5 September - Gate crashing City Airport
One of the possibly throw away lines by Tim Hulley, City Airport’s Director of Infrastructure and Planning, at
the meeting last Tuesday in Belvedere
was that any “stakeholder” could go to their quarterly
consultative meetings. I’ve never been sure what defines a stakeholder but I do
know that Bexley Council’s delegated airport stakeholder is Councillor James
Hunt. I also know that James has been in trouble with his Labour colleagues for
not attending any of the meetings and I have heard his excuses.
I looked up when the next meeting was to be held and discovered it was to be
this afternoon in Newham’s swanky new headquarters overlooking the airport
runway. I was due in East Ham anyway so escaped early presenting myself at the
reception desk as a stakeholder for Thamesmead. The airport PR people welcomed
me with open arms. Nobody had represented Thamesmead before. (It was only a small fib.)
Ten minutes later Councillor James Hunt rolled up having taken a half day off
work. We sat together to see if we would learn anything. The presentation was a
slightly extended version of what was shown in Belvedere two days earlier so I
didn’t learn a lot that was new. James who had mugged up on the Airport
Master Plan on-line was probably the same.
It soon became apparent that the failure to invite James to previous meetings
was not special treatment meted out to him.
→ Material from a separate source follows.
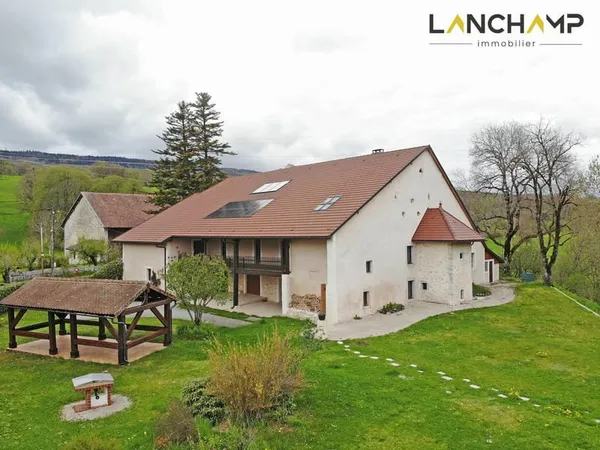 FERME ANCIENNE SUR 10 HECTARES DE TERRAIN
Three Councillors from other
boroughs made the same complaint.
So what was new compared to Tuesday?
Despite passenger numbers being up by 42% in the past five years aircraft
movements are down. I learned that the overnight flight curfew caused massive
inconvenience to delayed passengers who are diverted to Stansted etc. all over a
couple of minutes lateness with the knock on effect of the aircraft not being available
for an early morning departure. The word flexibility was mentioned but without any
intention to change the basic opening hours.
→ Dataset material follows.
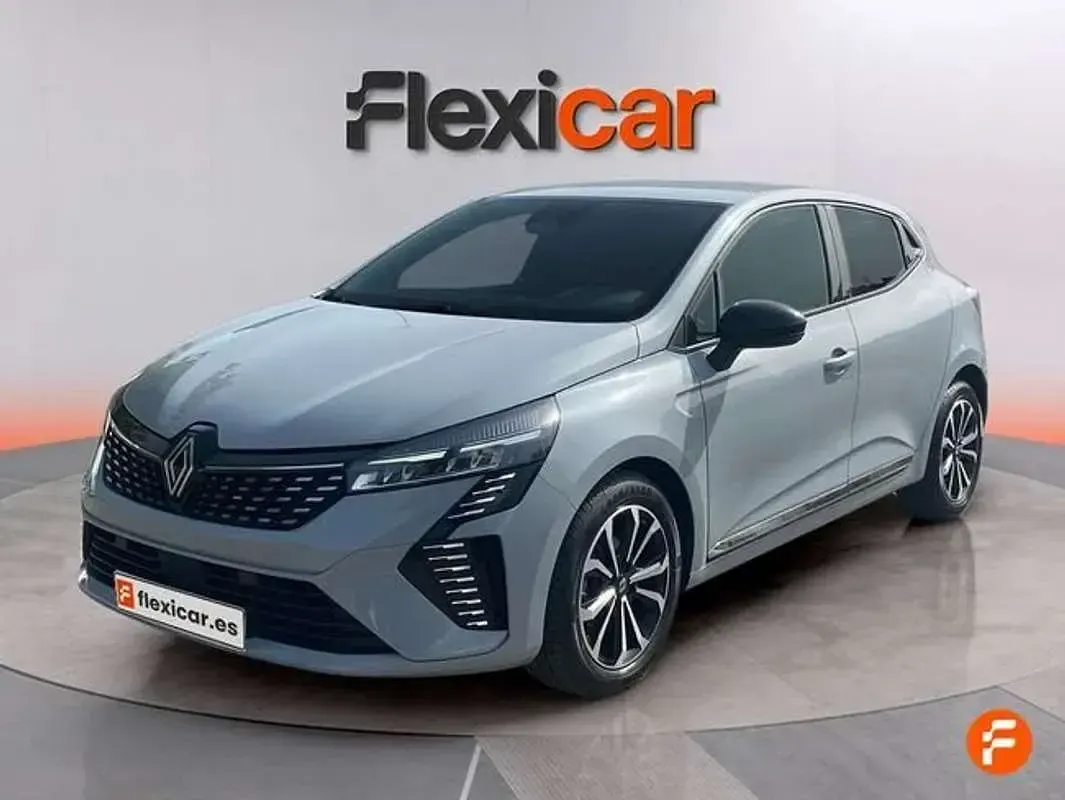 Usado Renault Clio V Techno 90 CV (66 kW) 2025 Gris Berlina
There was confirmation that a new generation of aircraft, some are already
operating from London City, will be noticeably quieter on take off but not a
great deal better on the landing approach. The diagram below indicates the old
(blue) and new (orange) the ground level noise at two decibel levels.
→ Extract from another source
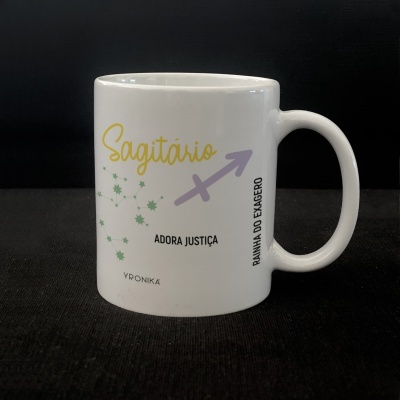 Caneca branca com texto e símbolos do signo Sagitário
The bad news is that it will be 15 years before the quieter aircraft become 75% of the total.
(The current new planes are operated by Swiss Air, the ones with the big red
cross on the tail fin.)
To the surprise of many it was said that the old propeller driven aircraft
were noisier on landing than any of the current jets but quieter on take off
however the fact remains that with more aircraft movements the gaps between them
will be shorter; speaking of which between 3 p.m. and 5 p.m. I noted only two
landings but from 5 p.m. to 6 planes were taking off very frequently.
The airport people were at pains to say that their Master Plan was only their
forecasts and initial ideas and that they had made up their minds on nothing.
It has no statutory force. There was widespread cynicism.
A Councillor from Lewisham had a big bee in her bonnet about climate change and
so didn’t really want anyone to fly at all. She got very close to calling the
airport management liars. Someone from a group called Stop City Airport went
further and said they were all “duplicitous”.
A Greenwich Councillor read a question from a sheet of A4 and freely
admitted she didn’t have any idea what the question meant. Presumably she didn’t
understand the answer either.
There were at least five of us who were no more than resident busybodies some a
lot more knowledgeable than others. A lady who lived at the eastern end of the
runway seemed to be reasonably content with her lot whilst others from as far
away as Lewisham and Lambeth were not.
In my humble opinion James Hunt’s absence from earlier meetings has made no material difference to any
Bexley resident. One might argue that Bexley Council should have nominated a
Thamesmead East Councillor to be the airport delegate but that is not the way
the Tories work. In practice it doesn’t make a scrap of difference, if any of
the Labour Councillors are serious about defending their residents right to a
quiet life they can take a seat alongside James Hunt. As I proved this afternoon there
is nothing to stop them taking an afternoon off work as James did.
Aggrieved residents could go too.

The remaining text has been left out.